All lines with the word "bottom" are to be found and copied from the listing.

_Supplied data_
== Segment start ==

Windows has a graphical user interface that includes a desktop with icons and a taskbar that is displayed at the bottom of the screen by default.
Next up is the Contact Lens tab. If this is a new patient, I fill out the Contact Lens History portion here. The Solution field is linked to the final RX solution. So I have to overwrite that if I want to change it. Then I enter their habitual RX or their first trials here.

== Segment end ==
== Segment start ==

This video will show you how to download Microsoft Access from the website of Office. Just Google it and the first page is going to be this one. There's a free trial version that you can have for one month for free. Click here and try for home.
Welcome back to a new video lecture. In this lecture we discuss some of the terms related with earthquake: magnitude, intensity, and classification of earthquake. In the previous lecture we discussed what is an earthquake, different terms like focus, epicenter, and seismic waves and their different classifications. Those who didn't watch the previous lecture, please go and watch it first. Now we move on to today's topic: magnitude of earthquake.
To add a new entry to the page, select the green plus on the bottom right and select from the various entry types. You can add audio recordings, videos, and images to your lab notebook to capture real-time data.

== Segment end ==

_Response to this task_
Windows has a graphical user interface that includes a desktop with icons and a taskbar that is displayed at the bottom of the screen by default.
To add a new entry to the page, select the green plus on the bottom right and select from the various entry types. You can add audio recordings, videos, and images to your lab notebook to capture real-time data.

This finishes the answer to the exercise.